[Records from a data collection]
══════════
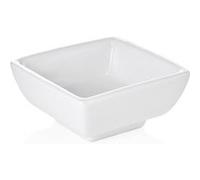 x 12 Mini bols en Porcelaine L 80 mm l 80 mm H 40 mm Was Germany Blanc G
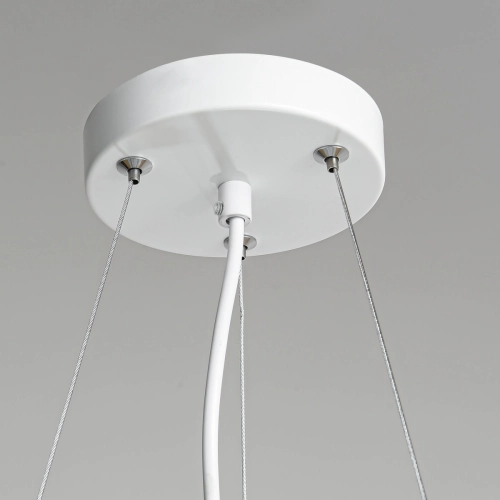 Lampa wisząca Reus biała 3xE27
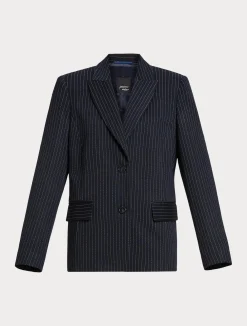 Blazer in tessuto punto Milano*Marina Rinaldi Outlet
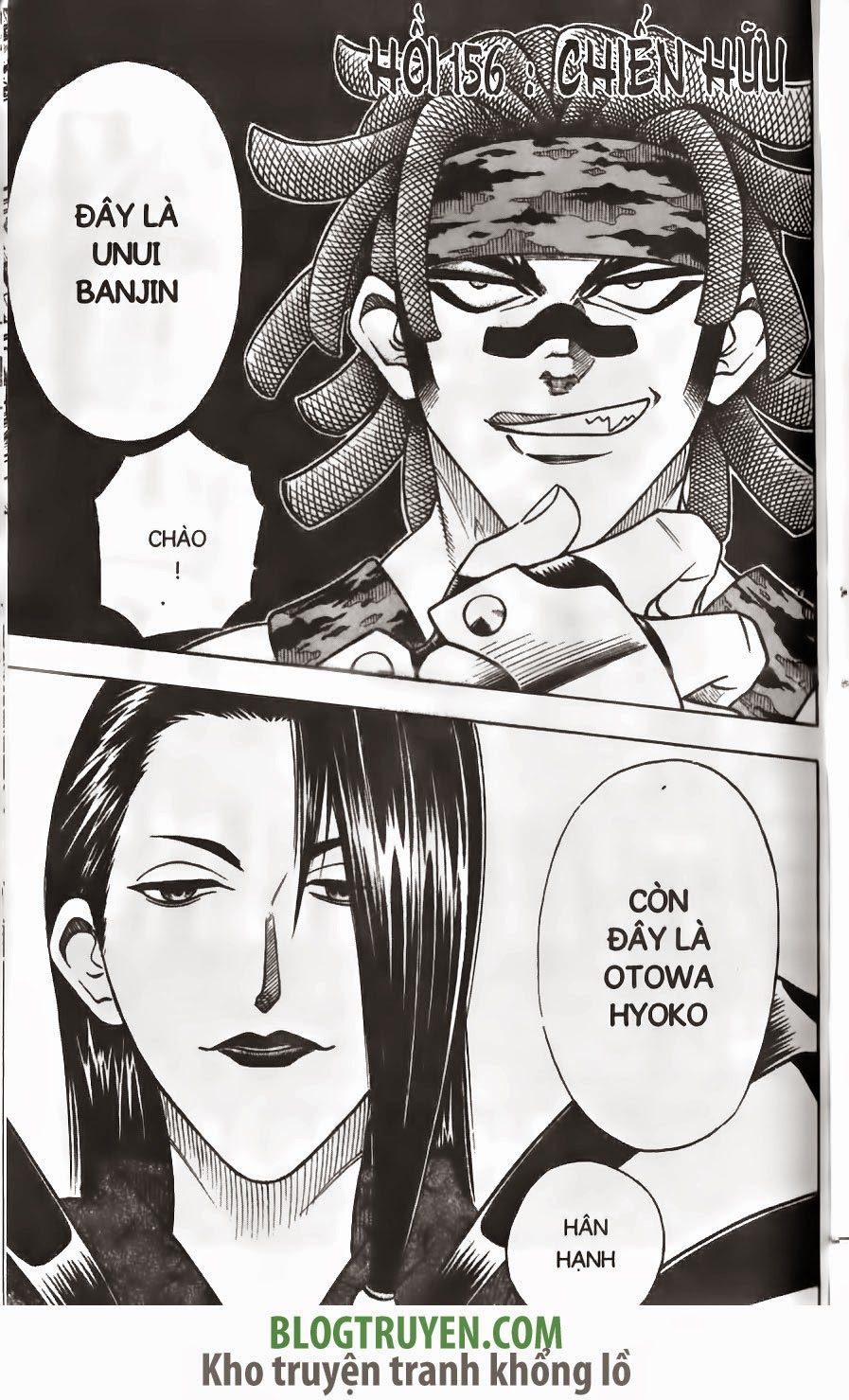 lãng khách kenshin bản nét (2019) chapter 156 2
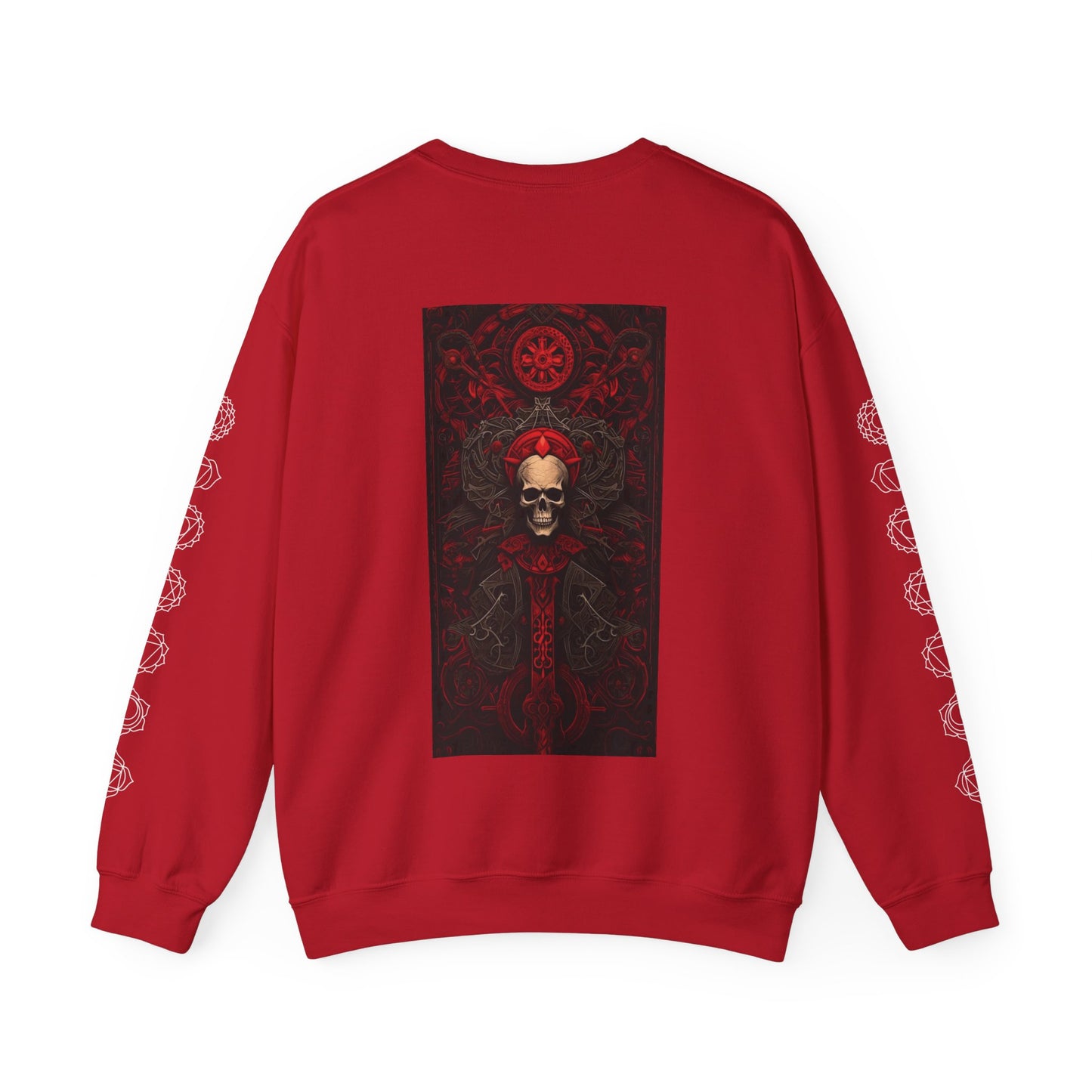 Red Gate Lock Unisex Heavy Blend™ Crewneck Sweatshirt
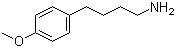4-(4-甲氧基苯基)丁胺分子结构 (CAS 72457-26-2)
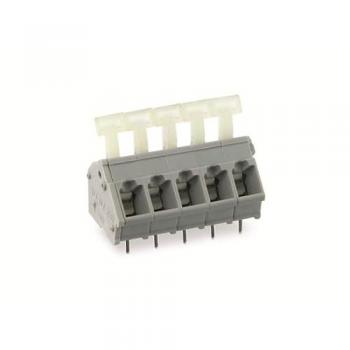 Markenlos Leiterplattenklemme RM 5, 5‑polig, 16 A/250 V – SUPU 256305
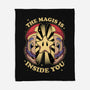Magic Star Game-None-Fleece-Blanket-Studio Mootant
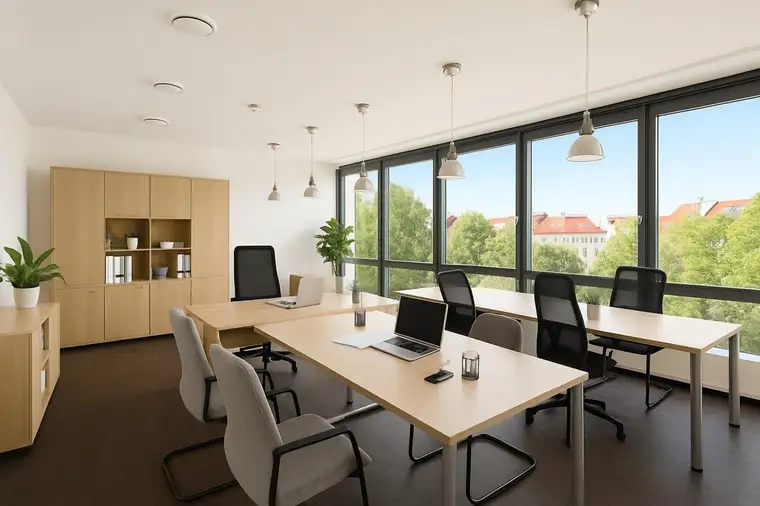 Flexible Raumaufteilung! Attraktive Bürofläche in Vösendorf zu mieten – ideal für Ihr Gewerbe!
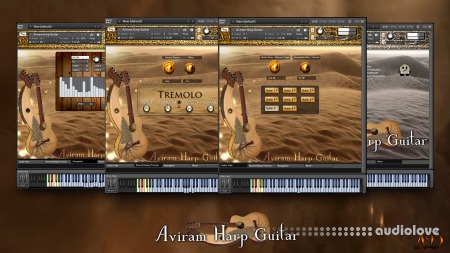 Aviram Dayan Production Aviram Harp Guitar KONTAKT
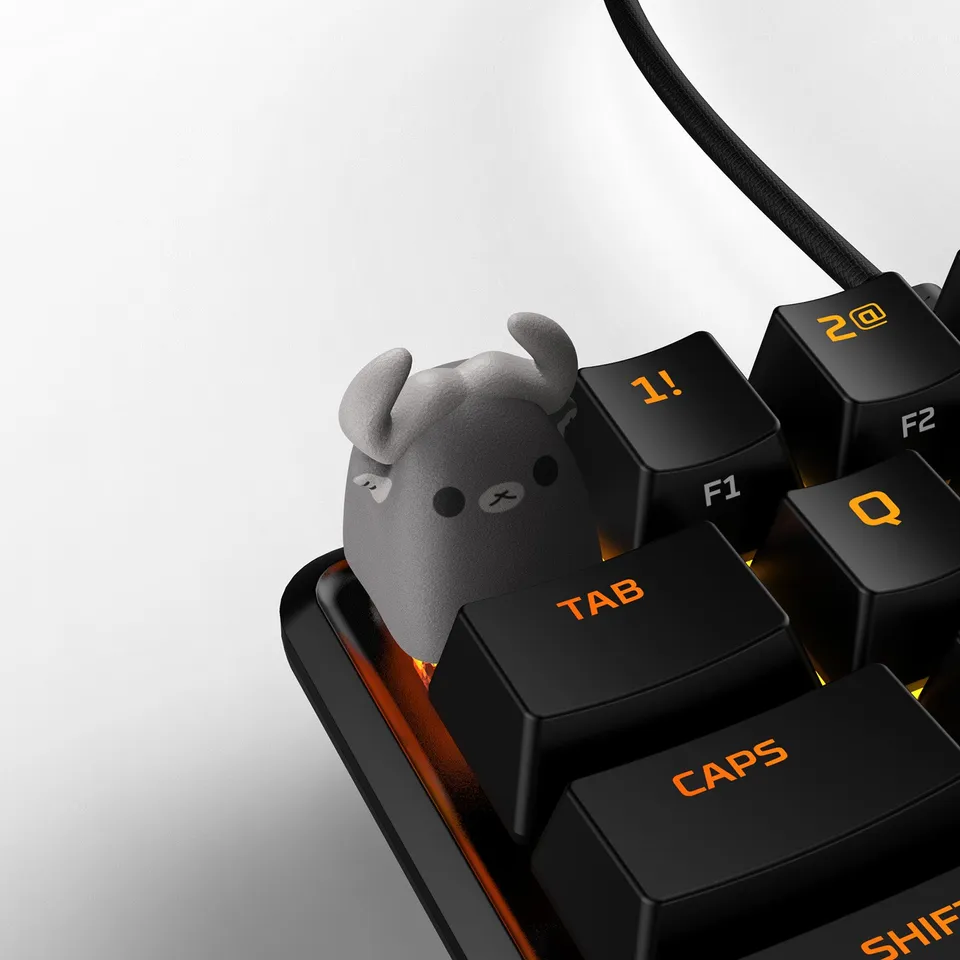 hyperx-hx3d-safari-buffalo-touche-de-clavier-personnalis-e image 1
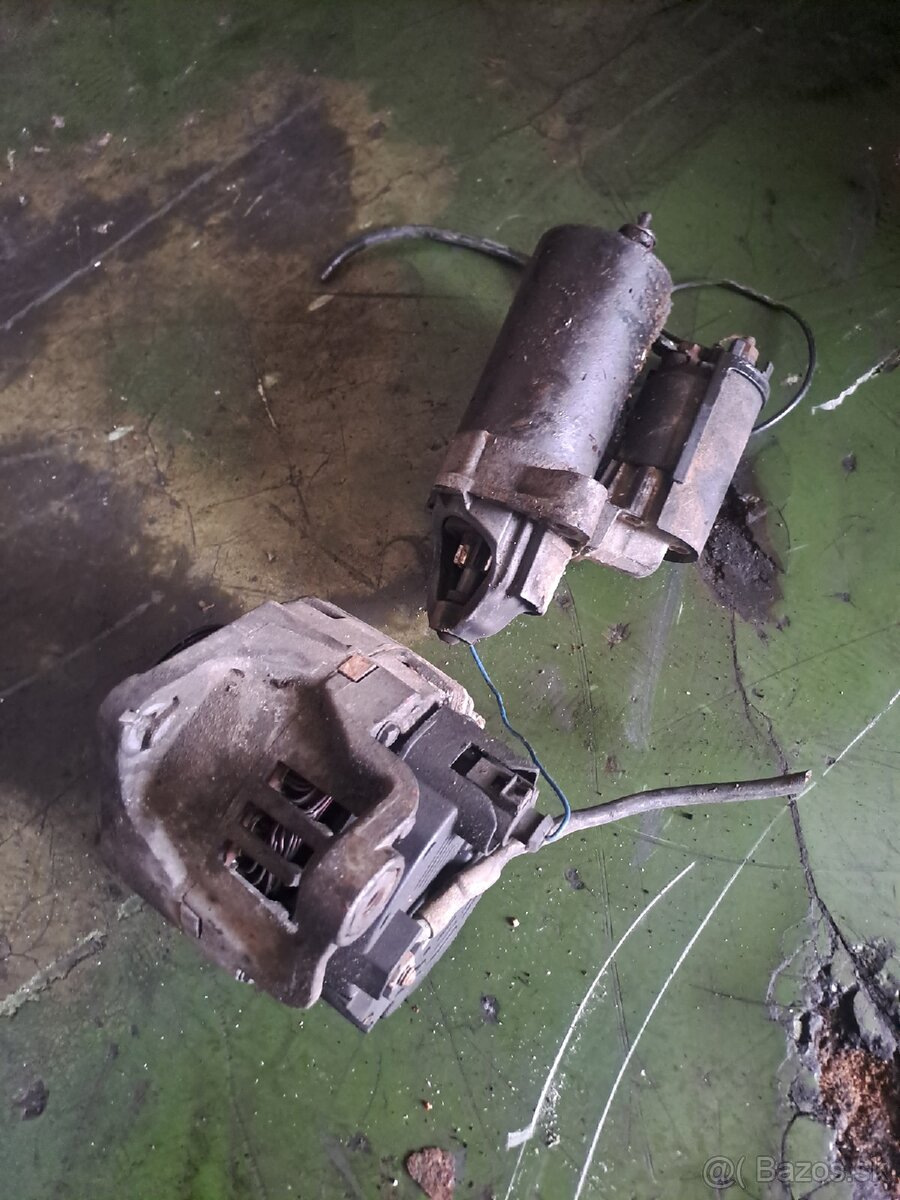 Štartér Alternator 2.8 V6 AMX 142kw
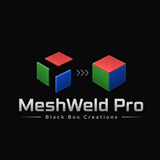 MeshWeld Pro Lite | Mesh Combiner & Texture Atlas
══════════
:: Assignment ::
Keep the pictures out and write out the records exactly.

:: Response to the exercise ::
 x 12 Mini bols en Porcelaine L 80 mm l 80 mm H 40 mm Was Germany Blanc G
 Lampa wisząca Reus biała 3xE27
 Blazer in tessuto punto Milano*Marina Rinaldi Outlet
 lãng khách kenshin bản nét (2019) chapter 156 2
 Red Gate Lock Unisex Heavy Blend™ Crewneck Sweatshirt
4-(4-甲氧基苯基)丁胺分子结构 (CAS 72457-26-2)
 Markenlos Leiterplattenklemme RM 5, 5‑polig, 16 A/250 V – SUPU 256305
Magic Star Game-None-Fleece-Blanket-Studio Mootant
 Flexible Raumaufteilung! Attraktive Bürofläche in Vösendorf zu mieten – ideal für Ihr Gewerbe!
 Aviram Dayan Production Aviram Harp Guitar KONTAKT
 hyperx-hx3d-safari-buffalo-touche-de-clavier-personnalis-e image 1
 Štartér Alternator 2.8 V6 AMX 142kw
 MeshWeld Pro Lite | Mesh Combiner & Texture Atlas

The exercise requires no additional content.